JAKARTA TIMUR – Dalam upaya memperkuat peran pemuka agama di tengah dinamika masyarakat modern, Korp Muballigh Ikatan Dai Indonesia (KM IKADI) bersinergi dengan DKM Masjid Nurul Iman menyelenggarakan “Pelatihan Imam & Khotib”. Kegiatan yang berlangsung pada Sabtu (9/5/2026) di Kelurahan Bambu Apus, Cipayung, ini menjadi ajang peningkatan kompetensi bagi para pendakwah lokal.
Acara yang berlangsung khidmat ini diikuti oleh 20 peserta. Ketua DKM Masjid Nurul Iman, Eka Yudianto, menegaskan bahwa masjid memiliki fungsi strategis yang lebih luas dari sekadar tempat ritual.
“Masjid harus menjadi pusat peningkatan kapasitas SDM muslim. Tidak hanya sebagai tempat ibadah, tetapi juga wadah belajar yang memberdayakan umat,” ujar Eka dalam sambutannya.
Materi Komprehensif: Dari Syariat hingga Literasi
Para peserta dibekali tiga materi pilar utama yang disampaikan oleh para pakar di bidangnya:
-
Fiqih Khutbah: Ust. Nur Kholis, Lc., M.M. mengupas tuntas rukun dan syarat sah khutbah sesuai tuntunan syariat. Ia menekankan pentingnya memenuhi lima rukun khutbah—Hamdalah, Shalawat, Wasiat Taqwa, Ayat Al-Qur’an, dan Doa—agar ibadah Jumat jamaah tetap terjaga keabsahannya.
-
Teknik Penulisan: Ust. Baihaqi Nu’man, SHI., MH., CDAI. memberikan tips praktis agar khutbah menjadi menarik dan sistematis. Ia mendorong khatib untuk memulai materi dengan isu aktual di masyarakat, memperkuatnya dengan dalil, dan menutupnya dengan solusi praktis yang komunikatif.
-
Personal Branding & Literasi: Ust. Fachri Firdaus, MA menyoroti pentingnya kewibawaan seorang khatib. Menariknya, ia menekankan bahwa personal branding bisa diperkuat melalui tulisan. “Menerbitkan buku naskah khutbah adalah langkah strategis untuk membangun otoritas keilmuan sekaligus memperluas jangkauan dakwah melampaui mimbar masjid,” tuturnya.

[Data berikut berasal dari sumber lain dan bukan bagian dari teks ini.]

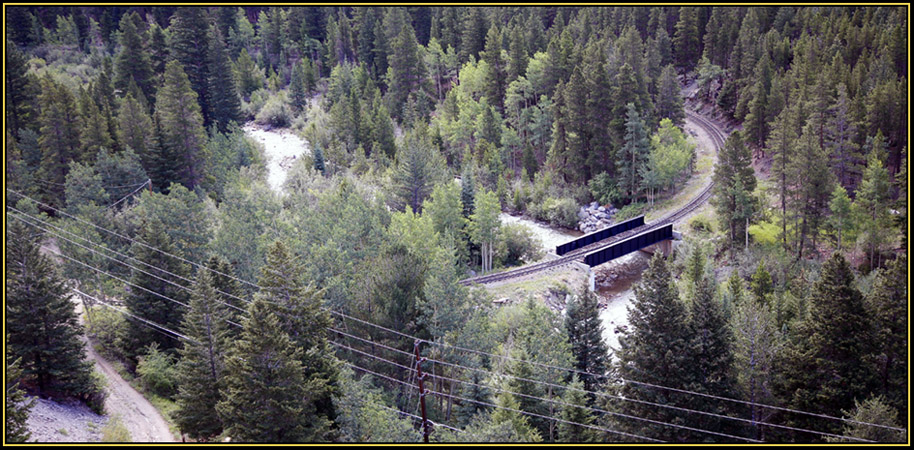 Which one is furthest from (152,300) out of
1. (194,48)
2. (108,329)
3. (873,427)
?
(194,48)

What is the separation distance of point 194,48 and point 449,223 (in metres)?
42.1

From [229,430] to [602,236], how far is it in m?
42.8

Apresiasi dan Implementasi Nyata
Panitia pelaksana, Ustad Toto, menyatakan rasa bangganya atas kedisiplinan para peserta. Dari hasil evaluasi praktik, panitia menetapkan tiga peserta terbaik yang menunjukkan performa unggul:
-
Juara 1: Ust. Nurhadi
-
Juara 2: Ust. Abdullah
-
Juara 3: Ust. Dian Permana
Sebagai apresiasi, ketiga peserta terbaik mendapatkan hadiah dari Bidang Sosial KMI dan langsung diberikan jadwal tugas khotib sebagai bentuk implementasi langsung dari hasil pelatihan.
Harapan Standarisasi se-Jakarta Timur
Ustad Toto berharap langkah ini menjadi pemantik bagi masjid-masjid lain di wilayah Jakarta Timur untuk melakukan hal serupa. Tujuannya adalah tercapainya standarisasi kualitas Imam dan Khatib demi kemaslahatan umat.
Acara ditutup dengan sesi foto bersama sebagai simbol komitmen bersama dalam meningkatkan kualitas dakwah di Jakarta Timur.